(What is being asked):
If a line contains "黑色/云霧白【SOFT】 42 曬單實(shí)拍圖", it is the last one to write out; begin with the first line of the records and copy each exactly.

[Scraped caption text data]
[Start of Attachment]

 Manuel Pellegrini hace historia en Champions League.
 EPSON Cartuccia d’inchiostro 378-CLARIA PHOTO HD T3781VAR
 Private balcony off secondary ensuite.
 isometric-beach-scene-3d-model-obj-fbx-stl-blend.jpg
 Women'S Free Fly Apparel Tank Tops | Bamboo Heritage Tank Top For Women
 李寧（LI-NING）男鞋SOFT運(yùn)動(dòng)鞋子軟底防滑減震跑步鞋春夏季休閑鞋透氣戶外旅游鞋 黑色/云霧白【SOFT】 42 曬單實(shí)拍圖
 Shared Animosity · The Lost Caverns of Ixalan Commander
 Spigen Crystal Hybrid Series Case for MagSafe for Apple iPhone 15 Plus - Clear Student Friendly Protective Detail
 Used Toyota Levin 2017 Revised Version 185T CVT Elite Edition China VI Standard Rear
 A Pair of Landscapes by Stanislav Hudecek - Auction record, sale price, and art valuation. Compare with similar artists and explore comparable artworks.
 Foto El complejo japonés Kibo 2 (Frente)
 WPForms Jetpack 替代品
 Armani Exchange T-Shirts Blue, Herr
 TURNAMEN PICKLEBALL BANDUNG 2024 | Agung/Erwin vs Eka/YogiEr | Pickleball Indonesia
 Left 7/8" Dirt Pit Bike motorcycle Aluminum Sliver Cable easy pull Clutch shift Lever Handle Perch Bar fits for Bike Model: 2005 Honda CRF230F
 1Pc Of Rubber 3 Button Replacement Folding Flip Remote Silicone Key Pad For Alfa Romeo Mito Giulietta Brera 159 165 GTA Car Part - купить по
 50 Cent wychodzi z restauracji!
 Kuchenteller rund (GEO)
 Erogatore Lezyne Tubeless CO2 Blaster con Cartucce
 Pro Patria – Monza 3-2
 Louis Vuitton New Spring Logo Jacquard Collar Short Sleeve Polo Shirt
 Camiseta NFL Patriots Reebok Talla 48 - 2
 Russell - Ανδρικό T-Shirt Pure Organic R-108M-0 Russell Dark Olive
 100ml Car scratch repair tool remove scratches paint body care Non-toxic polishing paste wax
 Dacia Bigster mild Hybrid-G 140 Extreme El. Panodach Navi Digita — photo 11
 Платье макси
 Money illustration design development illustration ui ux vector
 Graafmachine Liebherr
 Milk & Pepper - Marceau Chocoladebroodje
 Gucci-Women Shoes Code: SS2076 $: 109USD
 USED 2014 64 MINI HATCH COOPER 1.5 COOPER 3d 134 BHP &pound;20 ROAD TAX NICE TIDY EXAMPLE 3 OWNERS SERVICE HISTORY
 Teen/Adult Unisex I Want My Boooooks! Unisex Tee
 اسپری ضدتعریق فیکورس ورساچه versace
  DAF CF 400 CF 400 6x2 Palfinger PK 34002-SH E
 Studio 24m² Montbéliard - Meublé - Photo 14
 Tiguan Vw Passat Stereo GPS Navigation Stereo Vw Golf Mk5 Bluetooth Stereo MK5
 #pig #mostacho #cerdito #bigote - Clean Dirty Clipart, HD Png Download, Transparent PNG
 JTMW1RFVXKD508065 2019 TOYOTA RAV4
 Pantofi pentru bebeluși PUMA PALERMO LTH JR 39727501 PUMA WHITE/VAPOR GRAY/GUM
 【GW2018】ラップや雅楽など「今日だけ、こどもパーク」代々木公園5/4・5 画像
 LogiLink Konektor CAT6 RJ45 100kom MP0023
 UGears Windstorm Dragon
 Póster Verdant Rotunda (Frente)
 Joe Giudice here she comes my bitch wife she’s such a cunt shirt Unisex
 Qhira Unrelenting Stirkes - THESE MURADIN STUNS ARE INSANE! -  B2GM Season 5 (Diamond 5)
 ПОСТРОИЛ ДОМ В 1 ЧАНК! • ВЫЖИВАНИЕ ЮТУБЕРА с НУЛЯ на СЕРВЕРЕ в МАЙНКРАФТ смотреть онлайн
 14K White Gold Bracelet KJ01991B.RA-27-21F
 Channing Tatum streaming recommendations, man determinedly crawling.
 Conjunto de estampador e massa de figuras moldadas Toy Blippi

[End of Attachment]

(Answer to the exercise):
 Manuel Pellegrini hace historia en Champions League.
 EPSON Cartuccia d’inchiostro 378-CLARIA PHOTO HD T3781VAR
 Private balcony off secondary ensuite.
 isometric-beach-scene-3d-model-obj-fbx-stl-blend.jpg
 Women'S Free Fly Apparel Tank Tops | Bamboo Heritage Tank Top For Women
 李寧（LI-NING）男鞋SOFT運(yùn)動(dòng)鞋子軟底防滑減震跑步鞋春夏季休閑鞋透氣戶外旅游鞋 黑色/云霧白【SOFT】 42 曬單實(shí)拍圖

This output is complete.